Tiara kembali membungkam mulutnya, dirinya juga merasa bersalah karena secara tidak langsung ia sudah menjadi kaki tangan mama Nada selama ini, untuk turut menyembunyikan Nada.
“Mbak Tiara harus lihat Papa kemarin waktu ketemu aku lagi mbak, sekujur tubuh Papa gemetar karena haru. Papa bahkan ga berani lihat wajah aku, karena papa takut kalau aku bakalan berganti orang lain.

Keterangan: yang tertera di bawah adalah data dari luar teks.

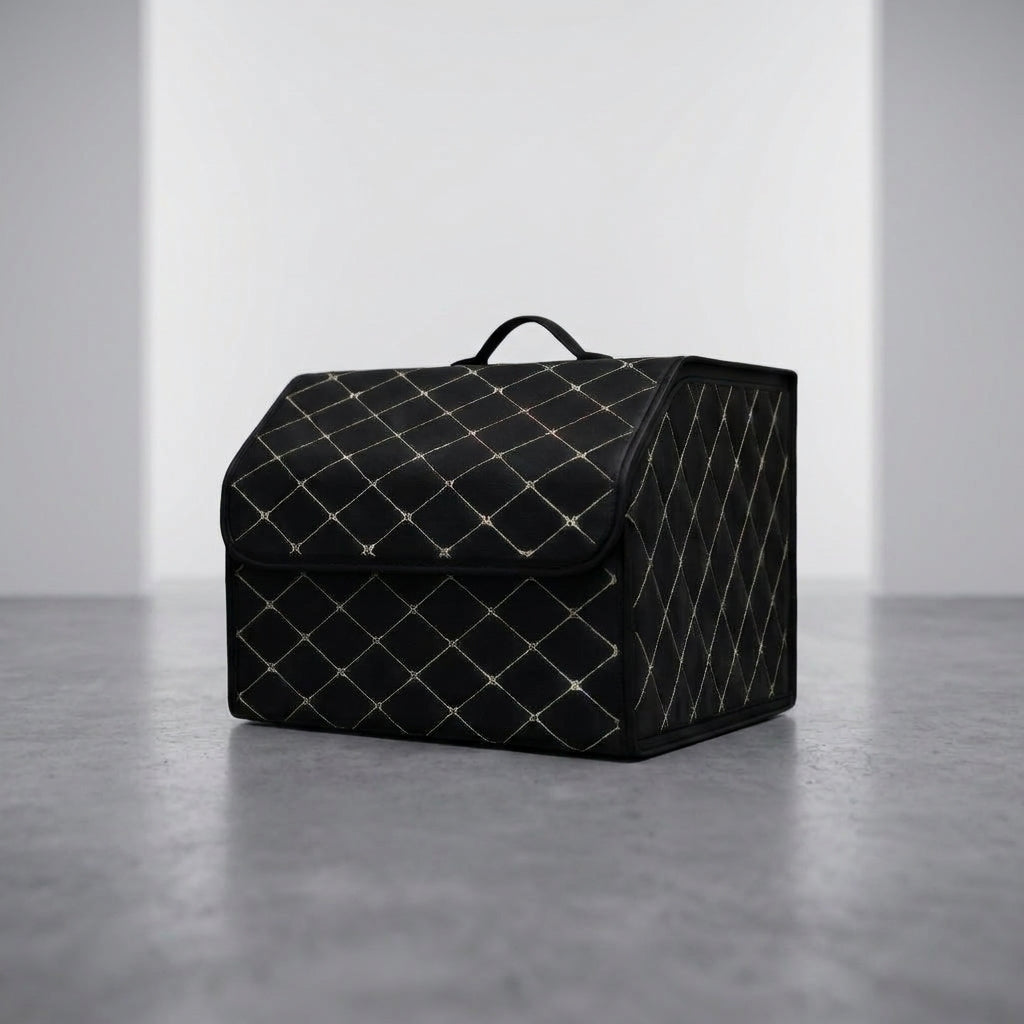 A single Matrikar trunk organizer in Black with White Stitching, medium size, on a studio floor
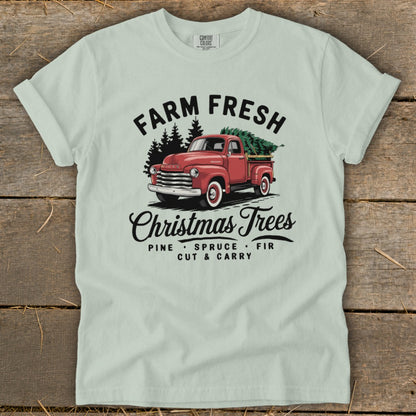 Red vintage truck with Christmas trees, "Farm Fresh Christmas Trees" text.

Waktu aku pura-pura tidur, bahkan papa cium aku tanpa henti, ucapan syukur ga berhenti papa ucapin bahkan dalam waktu berjam jam. Kenapa bisa sejahat itu mbak? Papa aku salah apa?”
Tiara melihat Nada kini menangis dengan keras, setelah menyelesaikan ucapannya. “Kasian papa aku, kasian papa-” Nada menepuk nepuk dadanya keras, berusaha mengurangi rasa sesak di sana.
Tiara ikut menangis, melihat kondisi Nada yang cukup memprihatinkan saat ini. Dengan perlahan Tiara menarik Nada agar masuk ke dalam pelukannya. Setidaknya, hanya ini lah yang bisa ia lakukan sekarang.